O café "Asa de Mosca", no gaveto das ruas do Duque da Terceira e do Conde Ferreira, no passado sábado à noite, no Porto.
Quando os romanos pretendiam construir uma nova cidade, o seu ritual de fundação consistia na abertura de um sulco em torno do espaço onde iria nascer o novo aglomerado, através de um arado em bronze puxado por um casal de bovinos brancos. No sulco era colocado um punhado de terra do solo onde jaziam os seus antepassados, transformando o novo território em Terra Patrum. Essa nova área delimitada, consagrada a um deus, reproduzia, em micro escala, o próprio mundo que a rodeava.
Sentado naquele café, olhando, ao invés da fotografia, de dentro para fora, o mundo navega à velocidade do vento e agita as folhas dos castanheiros-da-Índia e das tílias, espelhando-se sucessivamente nos vidros largos e transparentes.
Ali quieto, o tempo pára no meu relógio, enquanto assisto em deleite ao ritmo nunca intenso do movimento exterior. A dimensão das janelas, absurda mas nunca excessivamente grande, permite uma leitura completa do que se passa lá fora, exceptuando na compreensão dúbia dos reflexos que, não poucas vezes, iludem-me na percepção de conversas a que assisto imaginariamente em surdina, entre quem passa lá fora e aqueles que, sentados como eu, desfrutam do melhor café do Porto, sem soltar palavra.

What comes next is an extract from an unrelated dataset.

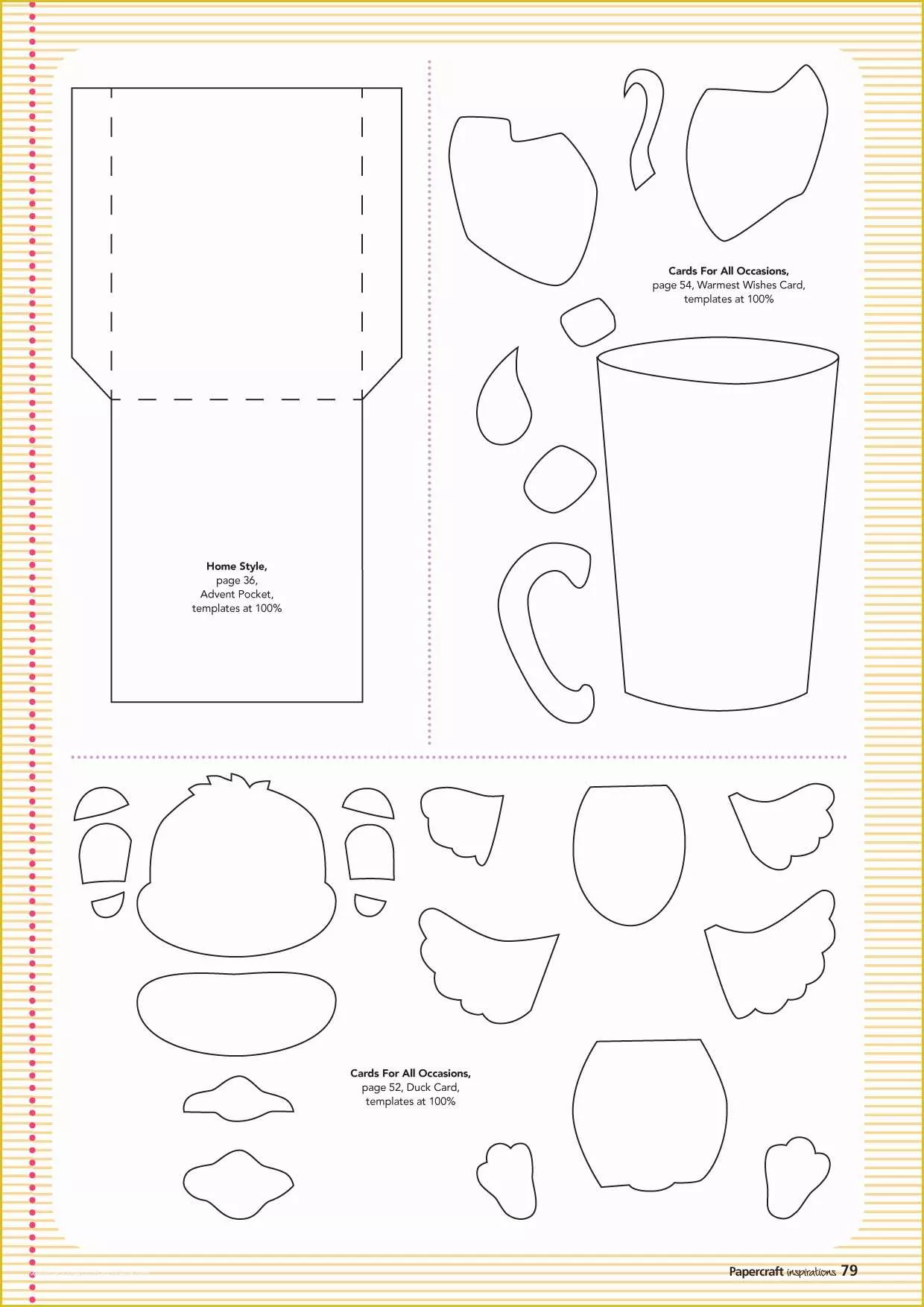 Free Printable Card Templates Of Free Card Making Templates Printable Printable 360 Degree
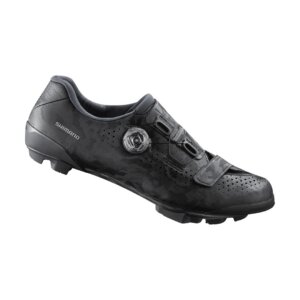 Shimano Schoenen RX800 Zwart 39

Ao final da tarde então, tudo se torna mais intenso. À medida que o Sol vai reflectindo torrado nos azulejos "brasileiros" de mil cores, que ocupam as fachadas vizinhas, aumentam as ilusões e os jogos de espelho que baralham o meu mundo. O branco, o negro e o cinzento, que decoram o interior do café, ganham força entre as cores que emanam do exterior, sugando o que delas se extrai, entre o semicerrar de pálpebras e a perplexidade de uma descoberta.
É estranho, contudo, que num café feito de vidro tão límpido dominem as sombras enigmáticas, e que num espaço marcado a cinzentos desbotados (à excepção do néon kitsch que decora uma das pequenas paredes opacas da sala) a cor ameace sempre invadir e se instalar.
O café é, aliás, todo ele, um paradoxo confuso.
É um espaço onde circulam juízes mediáticos e prostitutas que labutam em concorrência acesa nas ruas vizinhas.
É um lugar onde convivem os mais elitistas betos formados em gestão, que descem em sorrisos da escola de Línguas num piso superior, e artistas de roupagem anarquista e rebelde, atirados pela próxima Faculdade de Belas Artes.
É um café que abriga a rapaziada saída do liceu Alexandre Herculano, de calças rasgadas, brincos nas orelhas e boné na cabeça, e os mais respeitosos e bem tratados idosos, sempre acompanhados por um Eça, um Camilo ou um Jorge Amado pela mão.
É um centro vivo, no miolo da cidade que dizem morta.
Um aeroporto onde se ouve o inglês dos professores estrangeiros e aquela pronúncia do Porto, inconfundível e melódica.
Um recanto da modernidade envidraçada de Corbusier, mas com um painel exterior onde a palavra mosca ainda leva circunflexo na primeira sílaba.
Mas é também um café de amigos que não se cumprimentam, ainda que todos se reconheçam, ali ou em qualquer outro lugar, e que em comum têm o facto de tratarem o café pelo seu primeiro nome - Asa. O Asa.
O nome – Asa de Mosca – é desde logo um nome estranho, entre o horror e a atracção. Dizem os mais antigos (que nunca serão assim tão antigos porque o café tem cerca de 40 anos) que tudo deriva de um jogo de póquer onde "Asa de Mosca" é um tipo mais complexo de sequência de cartas e cores. Será. Até porque o café ainda é muito do que era na minha infância. Nesses tempos, corria desenfreado, para preocupação dos meus pais, em Domingos de visita à minha saudosa avó, por entre as cadeiras e as mesas escuras, em ziguezagues nas pernas dos empregados de mesa, em direcção aos posters e revistas, aos brinquedos e gelados, às guloseimas e sei lá mais o quê que se vendia no quiosque do canto do café e que entretanto desapareceu.
Lá, nesse mesmo canto, onde as sombras enigmáticas são mais ocultas, sobra ainda o velho painel em relevo das duas pombas brancas sobre fundo negro, que se afastam melancolicamente uma da outra, tal como eu observo as vidas se apartarem, através das janelas do café. Meras ilusões vãs ou memórias de um tempo que nunca houve, num recanto escuro do quiosque confuso e atafulhado que ainda habita em mim.
Aquelas janelas, de reflexos intensos, de luz e sombra, aquelas transparentes e ilusórias janelas são o sulco onde fundei a minha vida.